Merespons kondisi darurat ini, Pemerintah Kecamatan Singkep melakukan inspeksi mendadak (sidak) ke sejumlah kios minyak pada Senin (4/5/2026). Hasilnya mengejutkan, stok Pertalite di lapangan benar-benar di ambang batas habis.
Kasi Ekbang Kecamatan Singkep, Eliati, yang memimpin langsung peninjauan tersebut mengungkapkan bahwa banyak kios kini hanya menyisakan beberapa liter bensin saja. Bahkan, pemilik kios terpaksa melakukan skala prioritas demi kepentingan darurat.
“Kami sudah cek beberapa kios. Ada yang biasanya ambil 10 ribu liter, sekarang tinggal beberapa liter saja.
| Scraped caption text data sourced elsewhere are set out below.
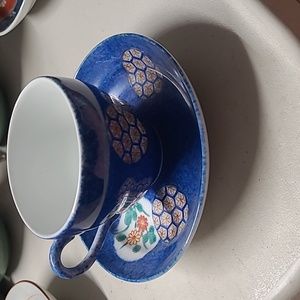 Vintage Tea cup and saucer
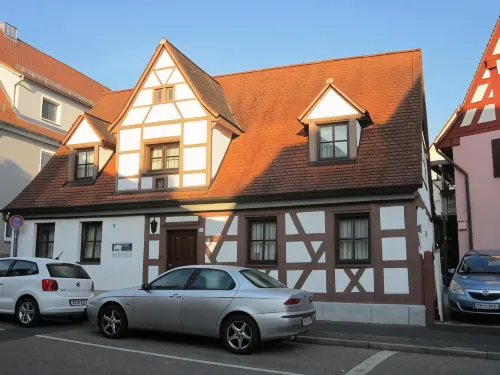 Gästehaus Engelgasse Herzogenaurach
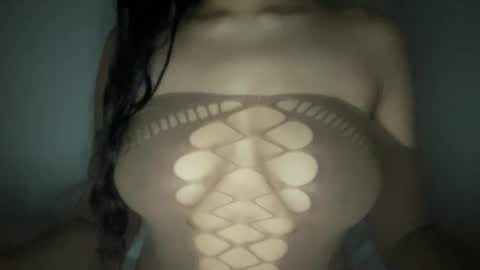 Snapshot of thatgirlmelanie chatting on March 24, 3:00 am Melanie online show from March 24, 3:00 am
Itu pun disisakan untuk kebutuhan sangat mendesak seperti ambulans,” ungkap Eliati kepada media.
Eliati menilai kondisi ini seperti “lingkaran setan”. Pihak kios mengaku tidak bisa mengambil stok karena agen mengalami kekosongan pasokan.
Berdasarkan informasi dari pihak agen, tersendatnya distribusi ini disebabkan oleh kapal pengangkut BBM yang masih tertahan di Tanjung Uban untuk mengantre pengisian. Dampaknya, pasokan baru diperkirakan akan tiba di Dabo Singkep dalam satu hingga dua hari ke depan.